Émeute dans les rues de Montréal – les émeutiers sont-ils responsables conjointement ou solidairement des dommages causés?
Montréal (Ville de) c. Lonardi, [2016] QCCA 1022
La Ville de Montréal (« Montréal ») se pourvoit contre plusieurs jugements rendus par la Cour du Québec, condamnant conjointement les intimés à lui payer une compensation pour des dommages causés aux auto-patrouilles du SPVM lors d’une émeute suite à la victoire des Canadiens de Montréal en 2008 ainsi que des dommages exemplaires. L’appel est rejeté.
La question principale de ce pourvoi était de déterminer si celui qui endommage des biens lors d’une émeute doit être tenu solidairement responsable des dommages causés par les autres émeutiers sur les mêmes biens, en plus des dommages causés par sa propre faute, ou s’il doit être simplement tenu aux dommages qu’il a lui-même causés lorsqu’ils sont identifiables et quantifiables.
Dans son jugement, la Cour du Québec condamne conjointement les intimés au motif que la preuve permet d’établir clairement la faute et le préjudice spécifique causé par chacun d’eux. Cependant, elle condamne solidairement deux intimés ayant détruit ensemble une auto-patrouille au motif que la preuve au dossier ne permet pas d’établir la faute et le préjudice spécifique causé par chacun d’eux.
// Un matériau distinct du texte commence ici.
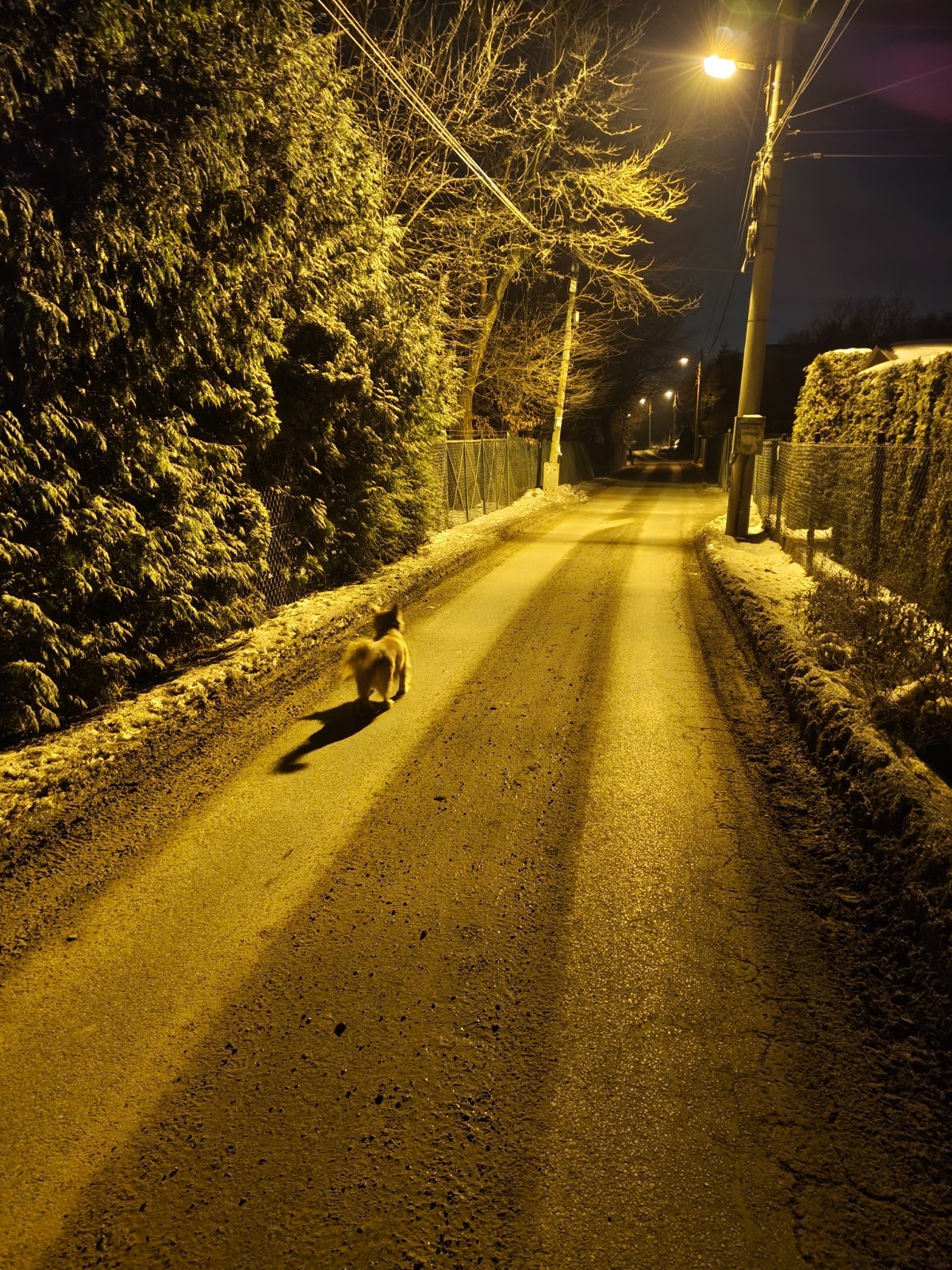 9e69aa77-1ef2-4c14-b169-cda34214aa71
Dans son analyse, la Cour d’appel confirme que la solidarité ne se présume pas et que le régime de responsabilité civile québécoise a un caractère compensatoire qui vise à indemniser la victime du préjudice qu’elle subit.
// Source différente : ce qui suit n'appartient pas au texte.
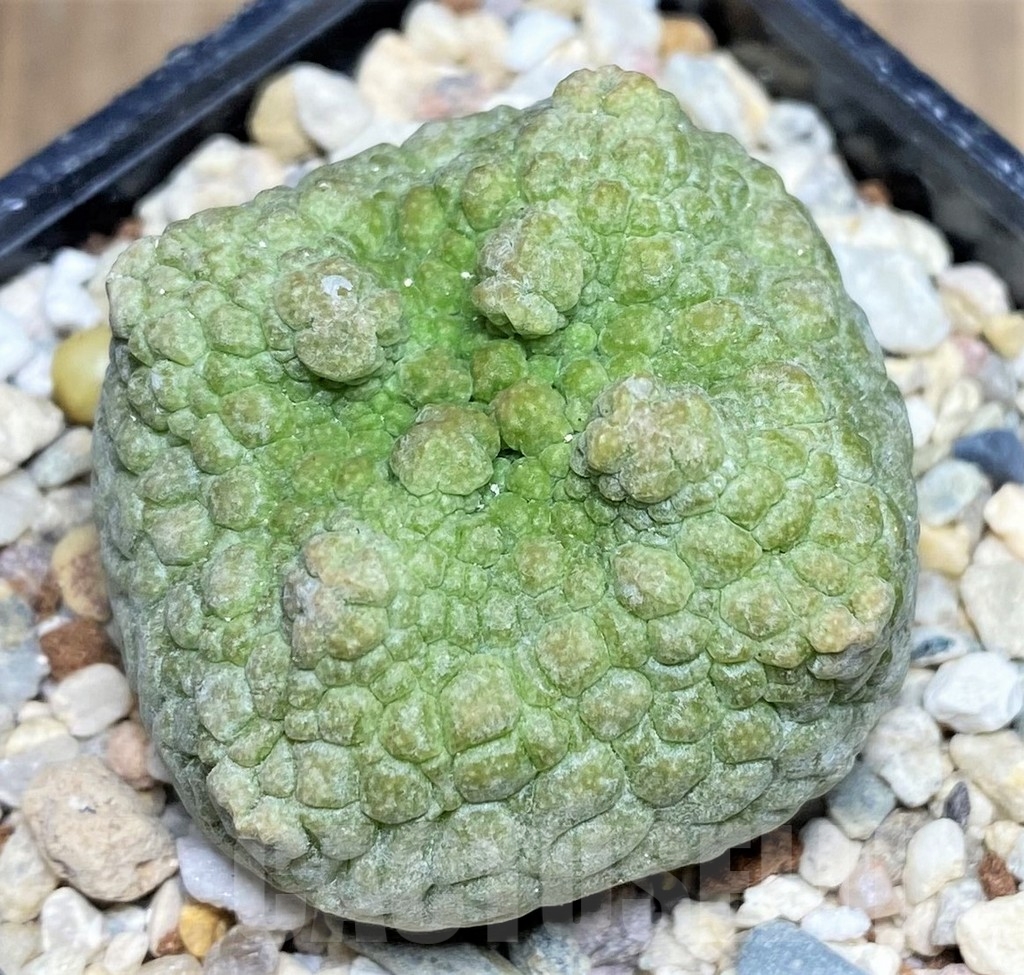SHPR22355 Pseudolithos cubiformis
La personne fautive est donc uniquement tenue de réparer le préjudice qu’elle a elle-même causé à la victime sous réserve du paiement de dommages punitifs. Les articles 1526 et 1480 du Code civil du Québec (« C.c.Q. ») constituent des exceptions à cette règle. L’article 1526 C.c.Q. s’applique lorsque des fautes contributoires ont causé un seul et même préjudice ou lorsque ce préjudice a été causé par une faute commune et lorsqu’il est impossible d’établir la fraction du préjudice causé par chacune des parties. L’article 1480 C.c.Q. s’applique lorsque plusieurs personnes ont participé à un fait collectif fautif ou lorsque plusieurs fautes distinctes susceptibles d’avoir causé le dommage sont commises par plus d’une personne, sans qu’il soit possible dans l’un ou l’autre cas, de déterminer laquelle l’a effectivement causé. L’article 1480 C.c.Q. ne permet pas de tenir solidairement responsables ceux qui participent à un fait collectif fautif alors qu’il est possible d’établir le dommage spécifique causé par chacun d’eux.
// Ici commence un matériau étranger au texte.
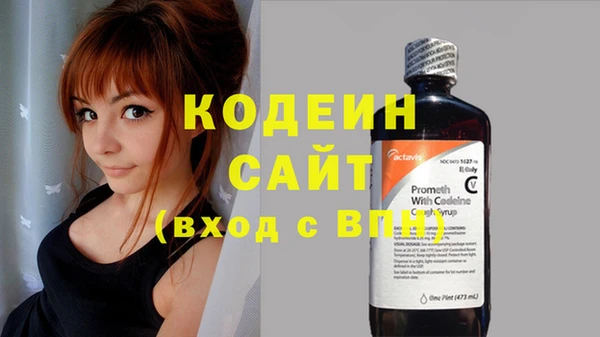 прущие грибы Абинск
En l’espèce, sous réserve des deux intimés condamnés solidairement, la preuve permet clairement d’établir les fautes respectives de chacun des intimés ainsi que le préjudice en découlant de même que leur valeur. Il n’est donc pas justifié d’appliquer l’article 1480 C.c.Q. Pour ce qui est de l’article 1526 C.c.Q., celui-ci ne doit pas être appliqué car il n’est pas ici question d’un préjudice unique mais plutôt de plusieurs préjudices causés par les fautes distinctes de chacun des intimés.